Google Haberlere Abone ol
'İNAN KIRAÇ HIRSIZ, BEN DE BU HIRSIZLIĞA ÇANAK TUTAN GAZETECİYİM, ÖYLE Mİ?'

Eyüp Can/Referans


Maksat ne İbrahim Bey?


TRT Genel Müdürü İbrahim Şahin “Bürokrasinin akıl almaz tüccarlığı” başlıklı yazımdan dolayı epey alınmış. Hatta alınmakla kalmamış önceki gün direkt bana bir açıklama iletmek yerine, Anadolu Ajansı üzerinden kamuoyu duyurusu yayımlamış.


Olabilir, kendi tercihi, saygı duyarım.

Fakat duyuru tek kelimeyle “felaket”.

* * *

Felaket çünkü...

Bir, yazdığım yazıdaki inceliği anlamamış.

İki, kim kaleme almış bilmiyorum ama kurumu ve kendi adına seviyesi düşük bir açıklama olmuş.

Dolayısıyla yineliyorum, hem Tepebaşı’nda TRT binasının olduğu araziye yapılması düşünülen Suna Kıraç Sanat Merkezi’ne karşı sergilenen tavır hem de bu duyuru, benim Ulaştırma Bakanlığı döneminden bu yana tanıdığım vizyoner bürokrat İbrahim Şahin’e hiç mi hiç yakışmıyor. Zaten yakışacağını düşünsem baştan öyle bir yazı yazmazdım.

* * *

İbrahim Şahin merak ediyor olabilir, hemen söyleyeyim, İnan Kıraç’ı şahsen tanımam, ne o yazıdan önce ne de sonra görüştüm.

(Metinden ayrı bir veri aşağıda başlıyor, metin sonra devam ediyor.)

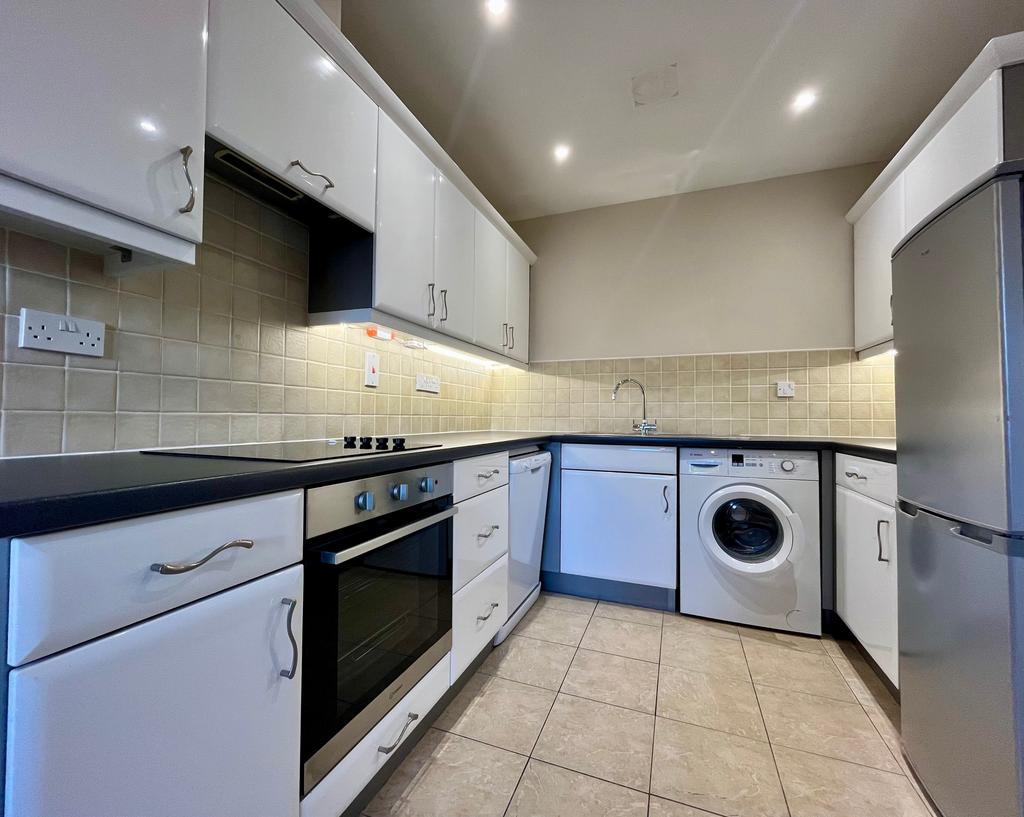Williams Park, Benton, Newcastle upon... 2 bed flat £800 pcm (£185 pw)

Yani meselem kişisel değil.

Benim derdim Frank Gehry gibi dünyaca ünlü bir mimarın tasarladığı, İstanbul’a sınıf atlatacak bir projenin bürokratik sebeplerle akamete uğraması.

Gerisi lafı güzaf...

Ama bakın TRT’nin terbiye sınırlarını zorlayan duyurusuna göre derdim neymiş:

1- Eyüp Can isimli yazar; TRT yönetiminin, İstanbul Tepebaşı’nda bulunan stüdyo binalarını İnan Kıraç isimli işadamına vermeyerek; Türkiye’nin kültür yaşamına darbe vurduğunu savunmaktadır.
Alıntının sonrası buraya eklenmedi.